[What is needed] Beneath this task are records; print exactly the stretch of them from the line with "House-shaped lantern with" through the line with "Rolled architectural blueprints", both ends included.

▬▬▬▬▬▬

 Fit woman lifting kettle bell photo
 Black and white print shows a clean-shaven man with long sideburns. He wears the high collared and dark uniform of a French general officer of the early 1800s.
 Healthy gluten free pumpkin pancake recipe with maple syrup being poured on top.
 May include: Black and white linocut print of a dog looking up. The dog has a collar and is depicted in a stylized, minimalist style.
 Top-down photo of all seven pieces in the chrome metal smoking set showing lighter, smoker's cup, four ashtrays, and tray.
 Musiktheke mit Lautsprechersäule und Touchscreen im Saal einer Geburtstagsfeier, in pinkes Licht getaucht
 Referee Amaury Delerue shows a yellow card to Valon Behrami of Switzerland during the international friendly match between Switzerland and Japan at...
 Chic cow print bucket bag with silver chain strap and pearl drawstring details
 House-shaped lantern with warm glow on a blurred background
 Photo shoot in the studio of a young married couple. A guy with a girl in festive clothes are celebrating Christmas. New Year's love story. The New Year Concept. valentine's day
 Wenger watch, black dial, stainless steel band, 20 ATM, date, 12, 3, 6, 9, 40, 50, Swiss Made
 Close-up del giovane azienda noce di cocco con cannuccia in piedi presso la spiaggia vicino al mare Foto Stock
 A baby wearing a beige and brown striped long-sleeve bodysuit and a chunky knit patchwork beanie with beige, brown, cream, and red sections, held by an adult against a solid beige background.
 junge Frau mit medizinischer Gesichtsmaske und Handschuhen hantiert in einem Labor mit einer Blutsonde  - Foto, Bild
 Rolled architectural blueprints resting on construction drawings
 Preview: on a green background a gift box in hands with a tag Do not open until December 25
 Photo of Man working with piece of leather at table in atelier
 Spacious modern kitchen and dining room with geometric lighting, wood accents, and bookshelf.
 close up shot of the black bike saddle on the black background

▬▬▬▬▬▬

[Solution below]
 House-shaped lantern with warm glow on a blurred background
 Photo shoot in the studio of a young married couple. A guy with a girl in festive clothes are celebrating Christmas. New Year's love story. The New Year Concept. valentine's day
 Wenger watch, black dial, stainless steel band, 20 ATM, date, 12, 3, 6, 9, 40, 50, Swiss Made
 Close-up del giovane azienda noce di cocco con cannuccia in piedi presso la spiaggia vicino al mare Foto Stock
 A baby wearing a beige and brown striped long-sleeve bodysuit and a chunky knit patchwork beanie with beige, brown, cream, and red sections, held by an adult against a solid beige background.
 junge Frau mit medizinischer Gesichtsmaske und Handschuhen hantiert in einem Labor mit einer Blutsonde  - Foto, Bild
 Rolled architectural blueprints resting on construction drawings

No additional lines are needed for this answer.